United States TV coverage
- Network: ESPN/RedVoice LLC
- Announcers: Tom Hart, Matt Stinchcomb, & Heather Mitts (ESPN) Brian Estridge, John Denton, Rob Best, & Landy Burdine (RedVoice LLC)

= 2015 Armed Forces Bowl (January) =

American college football game

The 2015 Armed Forces Bowl was an American college football bowl game that was played on January 2, 2015, at Amon G. Carter Stadium on the campus of Texas Christian University in Fort Worth, Texas. The twelfth annual Armed Forces Bowl, it matched the Houston Cougars of the American Athletic Conference against the Pittsburgh Panthers of the Atlantic Coast Conference. The game began at 11:00 a.m. CST and aired on ESPN. It was one of the 2014–15 bowl games that concluded the 2014 FBS football season.

The bowl was the first to be named the Lockheed Martin Armed Forces Bowl for corporate sponsor Lockheed Martin.

With less than 11 minutes left on the game clock, Houston trailed Pittsburgh by 25 points, but the Cougars came back to win 35–34. It was the biggest fourth quarter comeback in bowl history.

==Teams==
The game featured the Houston Cougars of the American Athletic Conference against the Pittsburgh Panthers of the Atlantic Coast Conference.

The 2015 Armed Forces Bowl was the third overall meeting between Houston and Pittsburgh, with the series tied 1–1 entering the game. The last time the two teams had met was in 1997.

===Houston Cougars===

After finishing their regular season with a 7–5 record, the Cougars accepted their invitation to play in the game.

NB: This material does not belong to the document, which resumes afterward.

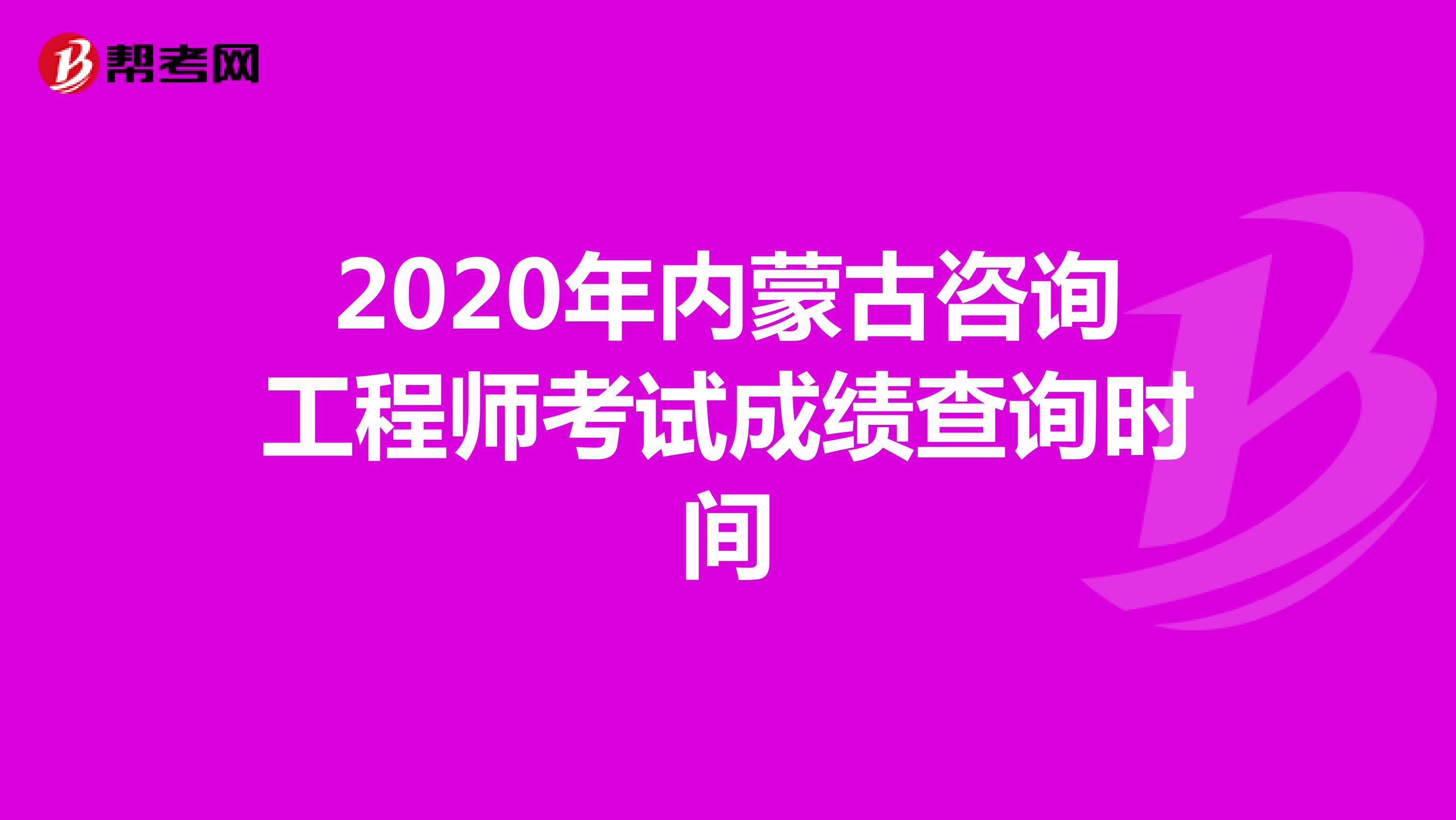 2020年内蒙古咨询工程师考试成绩查询时间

The game was Houston's fourth Armed Forces Bowl, tying them with the Air Force Falcons for the most appearances in the game. The Cougars were 1–2 in the game before 2015, having lost the 2005 Fort Worth Bowl to the Kansas Jayhawks by a score of 42–13, then having won the 2008 game over the 2008 Air Force Falcons by a score of 34–28, and finally having lost the 2009 game once again to Air Force by a score of 47–20.

===Pittsburgh Panthers===

After finishing their regular season with a 6–6 record, the Panthers accepted their invitation to play in the game.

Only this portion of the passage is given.